It has long been said that procurement has a unique 360-degree view of the value chain and that is especially true of Tim Snow, CPO and VP of procurement, commercial contracts and insurance at satellite service provider Inmarsat. As the individual in charge of money coming in and money flowing out, it’s only natural that Snow has set his team up in a way that differs vastly from many traditional procurement functions.
“Procurement is structured based on the stakeholders we work with, rather than distinct categories,” he explains. “What we found is if you build strong relationships with stakeholders and an understanding of what they need, now and in the future, you’re more likely to be able to do epic procurement deals and have a solid, robust strategy that continues to evolve over time.”
It is perhaps fitting for a company with operations 24,000 miles above the earth’s surface that this is not the only area in which Inmarsat has zoomed out to take a different view. In this interview, Snow talks to Procurement Leaders’ chief product officer David Rae about his approach to risk, the company’s evolving geographic footprint and how he prepares his team to deal with the ongoing polycrisis.
Watch the interview in full or read highlights, below:
Pinpointing where risks lie
While Inmarsat had what would have been described as a rigorous approach to Tier-1 supply chain risk, looking at factors such as look at their financial stability credentials, current clients and innovation to build a rounded picture, those days are gone, Snow says.
“Two years ago, driven by component shortages we had to start looking all the way down the supply chain – we go as deep as Tier-7 now – so we understand where to pinpoint risk. Often the smallest, cheapest little thing – a 20-cent chip – can prevent us from launching a satellite and earning billions of long-term revenue. So, we need to understand how we can mitigate them and the strategies we can employ in that mitigation.”
Segmenting by the money
When dealing with thousands of suppliers, it’s impossible for businesses to adopt such a granular approach to risk management. Like most organisations, Inmarsat follows the money to help segment the supply base. But buyers do not focus on the value of spend with each supplier – they consider the revenue impact. “There are many suppliers that buy things that enable us to sell to customers and generate revenue and profit. So, we’ve looked at which of those suppliers are most important to ensure we protect that revenue over points of time. It is a weekly process of talking to and listening to those suppliers about what’s happening on the ground in their supply chains, together with our colleagues across the business. We’re not on our own; it’s a team effort… We think profoundly differently about this and think about what we can do to bring things into our control,” Snow says.

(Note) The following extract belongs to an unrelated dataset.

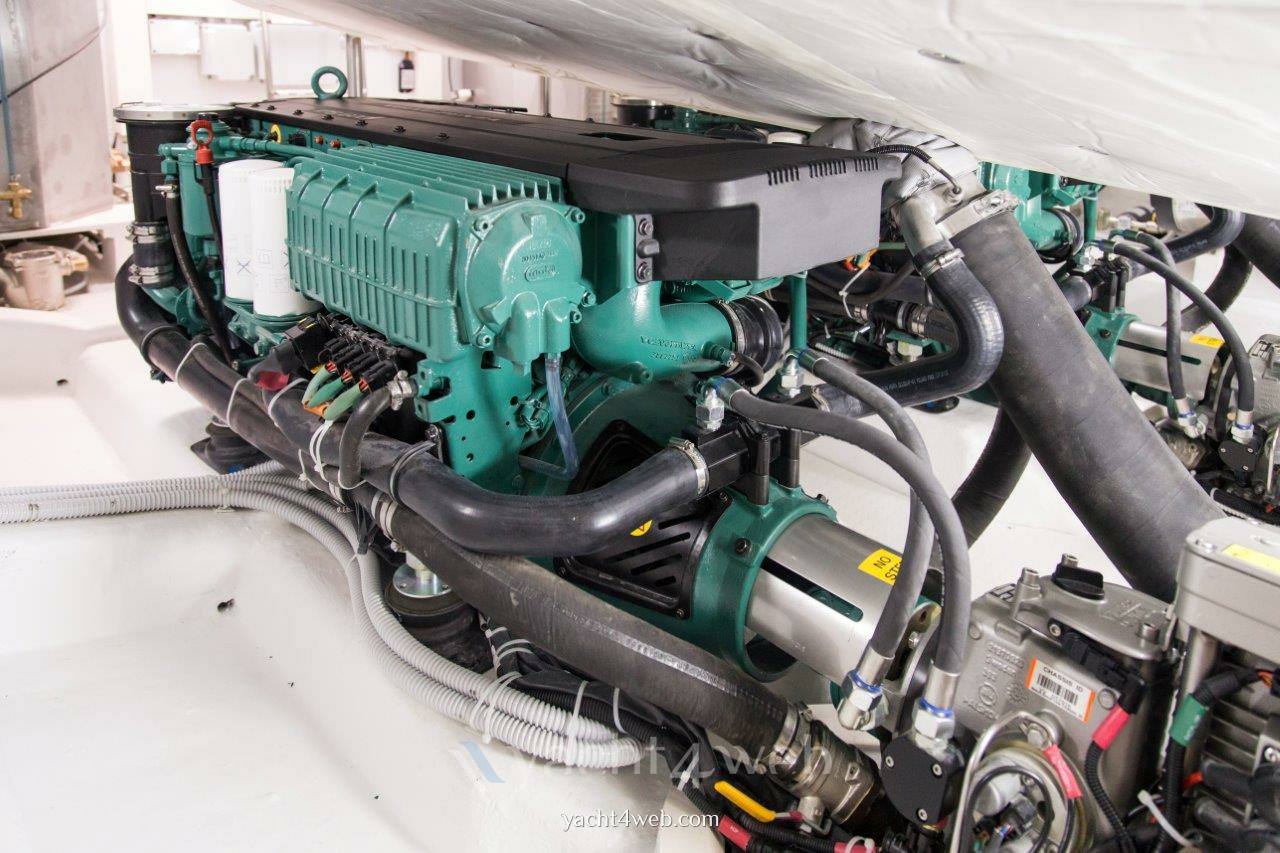 Queens yachts Queens 50 hard top new Engine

A more logical approach to logistics
Inmarsat has a diverse global supply chain with that stretches from Thailand to California. To reduce the risk of logistics delays, Snow says: “We’re looking at how we can consolidate in hubs and those hubs need to be as close to the customer demand is as well, so we can be as efficient as possible. This isn’t cost-led, this is about fulfilment and reliability of fulfilment – what the customer needs. There’s also sustainability to consider. By looking at the supply chain, we’re trying to reduce our carbon footprint… It’s not an afterthought – it’s part of the decision-making process.”
L&D is important, but you can’t teach DNA
Although the company may have a “perfectly formed” team of less than 25 procurement staff with a global remit, but Snow says Inmarsat’s procurement function succeeds because it is “underpinned by a basic DNA of positive, passionate, energetic, can-do, go-getters. We are seen as the people that make stuff happen in the company with our stakeholders”.
To ensure employees’ ongoing development, learning and development is a key focus for Snow. The business offers individual growth opportunities, such as funding MBAs, and also hosts fortnightly learning sessions hosted by colleagues from across the business to keep his staff as fresh as possible. “We invest heavily in behaviours – the ‘how’ we do things, as much as the ‘what’. I can generally teach someone the ‘what’, but I can’t teach someone the how, that’s your DNA. I just need to make sure I’ve got the right DNA. Of course, we need a mixture of people across the team to deliver what we need,” he says.